# THE DATA
============

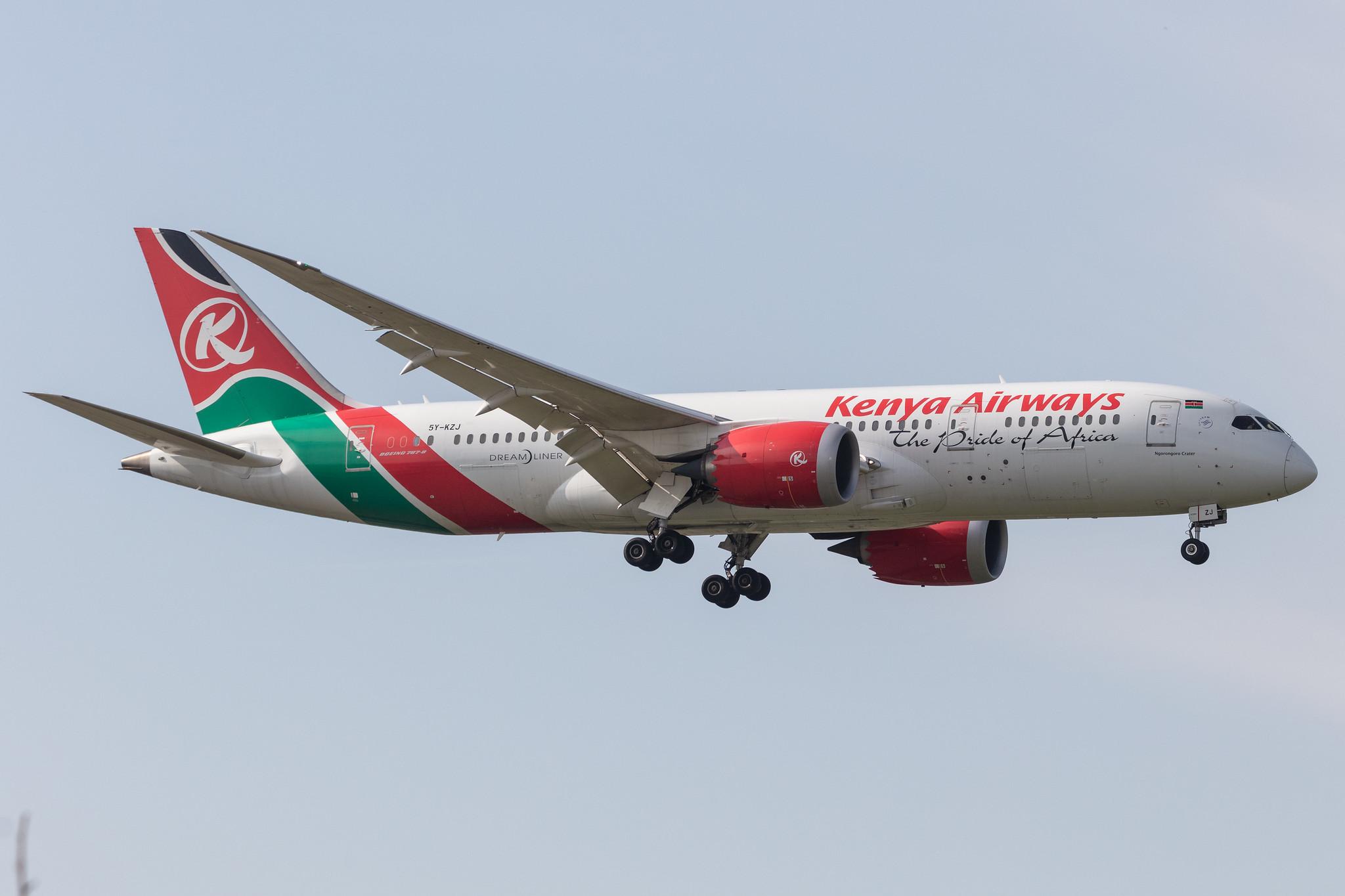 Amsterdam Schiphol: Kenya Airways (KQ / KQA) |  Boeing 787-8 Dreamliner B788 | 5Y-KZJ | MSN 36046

============

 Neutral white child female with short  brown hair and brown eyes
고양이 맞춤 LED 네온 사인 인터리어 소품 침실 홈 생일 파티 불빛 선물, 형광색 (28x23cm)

============

Only the lines above from the one with "Neutral white child" up to and including the one with "고양이 맞춤 LED 네온" should be repeated, exactly as written.

# RESPONSE BELOW
 Neutral white child female with short  brown hair and brown eyes
고양이 맞춤 LED 네온 사인 인터리어 소품 침실 홈 생일 파티 불빛 선물, 형광색 (28x23cm)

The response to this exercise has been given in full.